The GOP nominee has repeatedly called for the U.S.to stop accepting Syrian refugees over fears of terrorism. Let's end the politically correct agenda that doesn't put America first.

Wrigley, maker of Skittles, responded to the controversy, telling the Daily Dot and other media, "Skittles are candy". He also said he would tell a refugee who was trying to bring their family to safety and found his analogy to be foolish, "Tough".

Ironically, however, the tweet attempting to justify Trump's harsh anti-refugee policies wouldn't have been possible without the talent of refugees. In an interview with MSNBC, former Arkansas Governor Mike Huckabee compared Syrian refugees to poisonous peanuts, asking "if there were about 10 peanuts that were deadly poisonous, would you feed them to your kids?" "The answer is no".

Then on Tuesday morning, Trump Jr. linked to a news article posted on the conservative news site Breitbart with the incendiary headline: "Europe's Rape Epidemic: Western Women Will Be Sacrificed At The Altar Of Mass Migration". He has denied he was alluding to the Holocaust.

He muddied the political waters again when he told the Pittsburgh Tribune-Review his father shouldn't release his tax returns because it would "distract" from the celebrity businessman's "main message".

Trump Jr.'s tweet prompted a barrage of angry responses on Twitter.

"Is Donald Trump's new campaign slogan "Fear The Rainbow"?" wrote Twitter user @AngrySalmond.

Since then, Trump has refrained from specifically targeting Muslims, but he has championed police profiling of suspects and promised to bar immigrants and travellers from certain countries deemed risky, such as Syria.

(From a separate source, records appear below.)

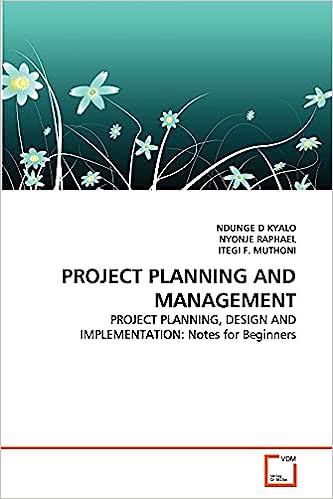 Project Planning and Management: Project Planning, Design and Implementation: Notes for Beginners - MPHOnline.com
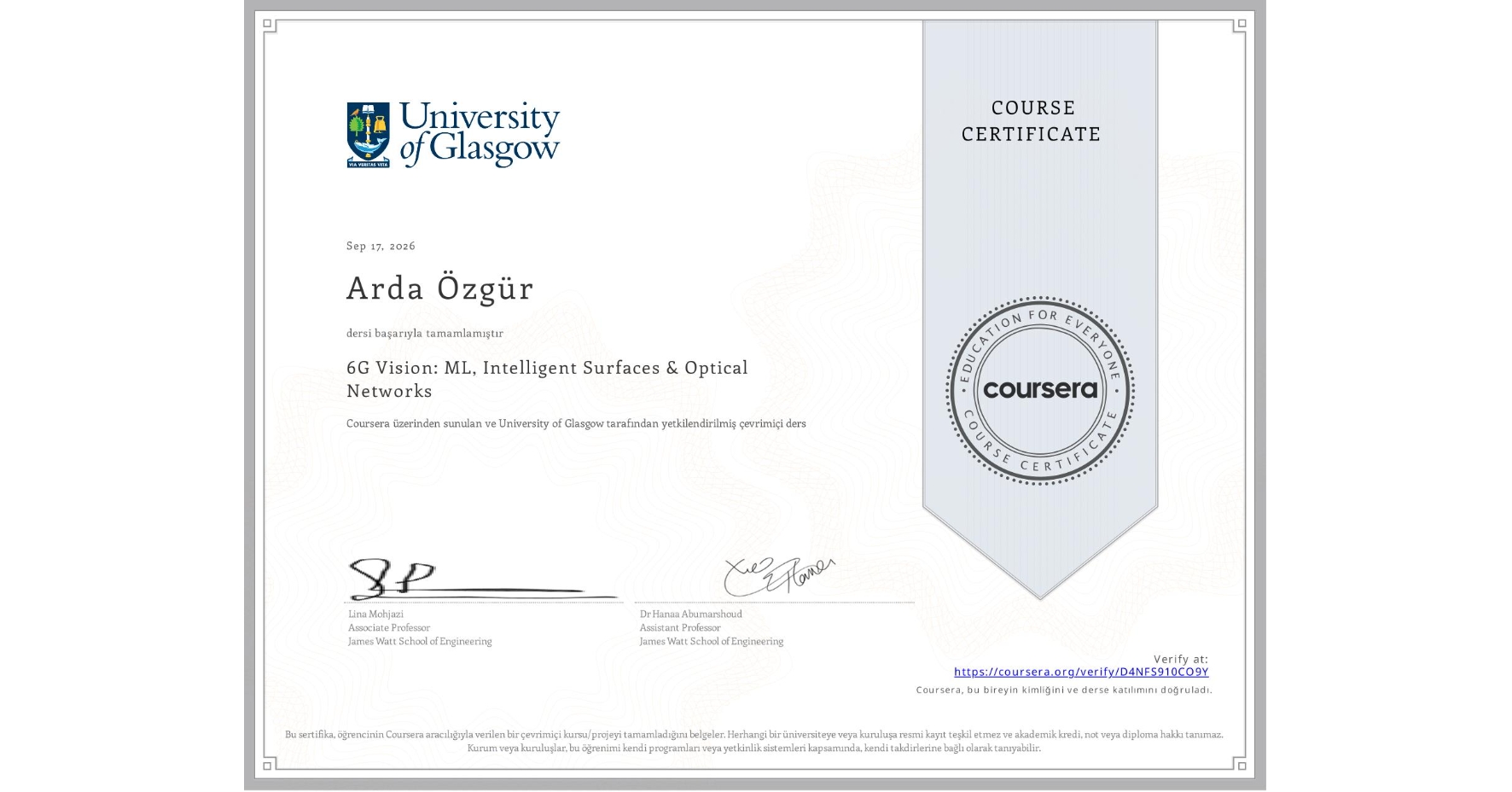 View certificate for Arda Özgür, 6G Vision: ML, Intelligent Surfaces & Optical Networks, an online non-credit course authorized by University of Glasgow and offered through Coursera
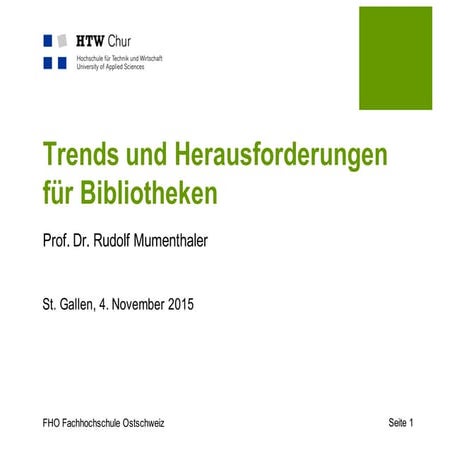 Trends und Herausforderungen für Bibliotheken
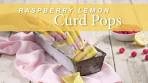 Raspberry Lemon Curd Pops
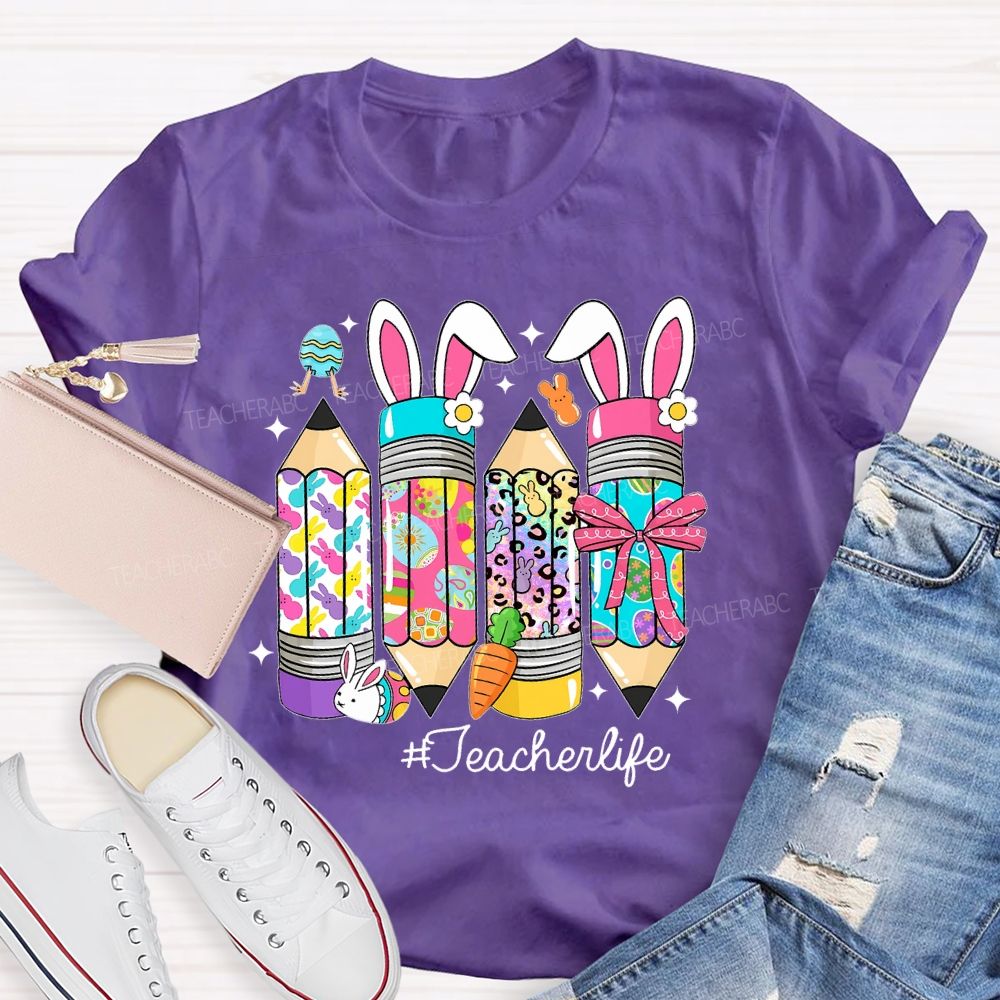 Teacherlife Easter Egg Pencil Teacher T-shirt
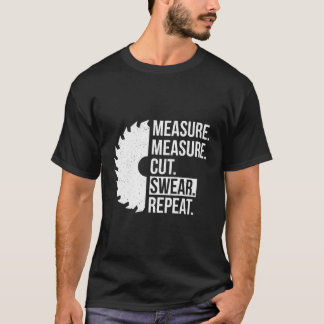 Mät Skär Svärar Handy Pappa Gör-det-själv T Shirt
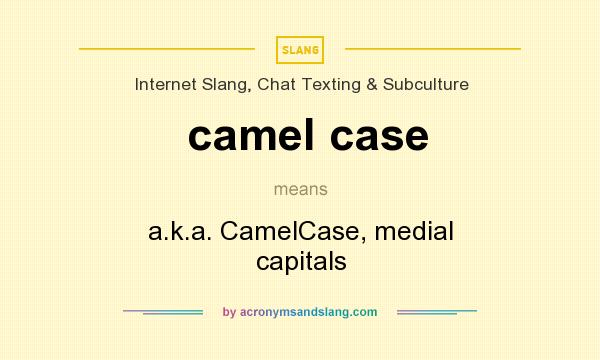 What does camel case mean? It stands for a.k.a. CamelCase, medial capitals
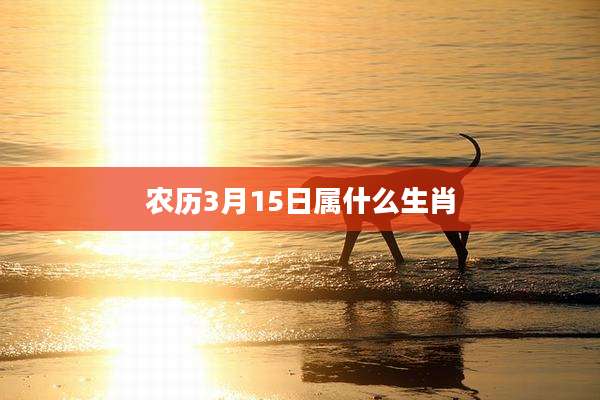 农历3月15日属什么生肖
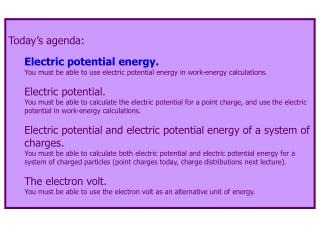 Today’s agenda: Electric potential energy.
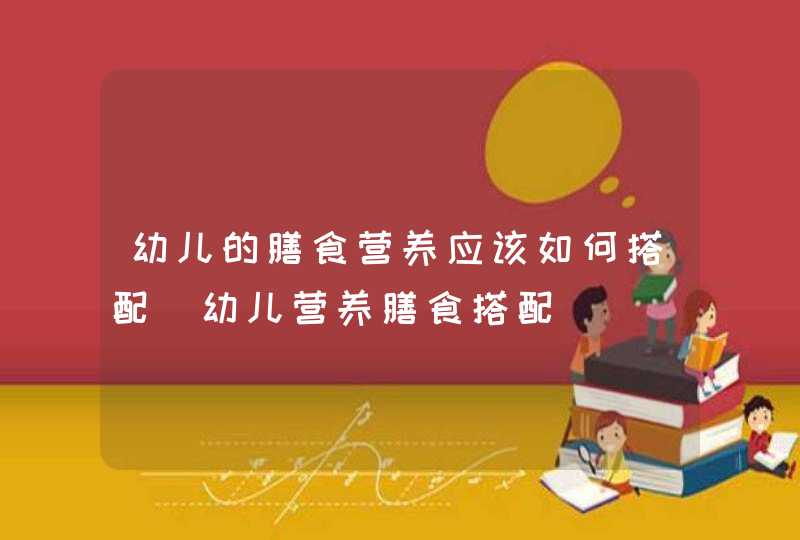 幼儿的膳食营养应该如何搭配_幼儿营养膳食搭配,第1张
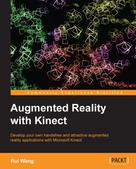 Rui Wang: Augmented Reality with Kinect 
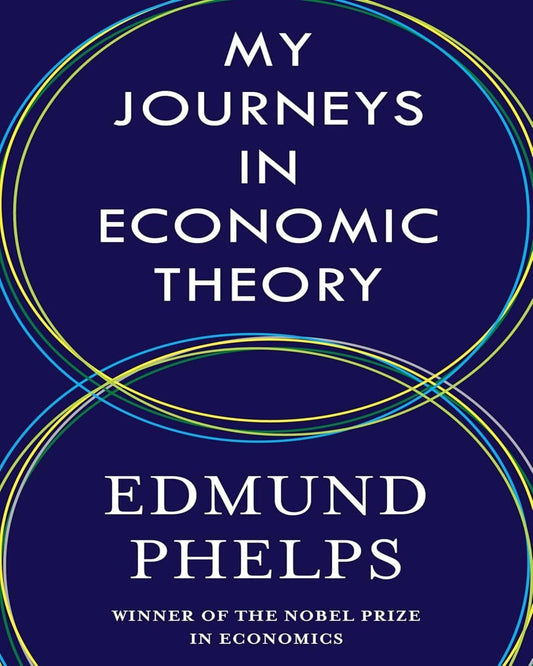 My Journeys in Economic Theory [Hardcover] - versoz.com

A spokesman from Skittles said: "Skittles are candy". This would be in addition to the tens of thousands of refugees accepted from around the world every year.

A year ago, Clinton said she supported the admission of 65,000 Syrian refugees. There are no known threats to national security in the US - or in Canada, which has accepted more than 30,000 Syrians since last November - linked to the resettlement of Syrian refugees.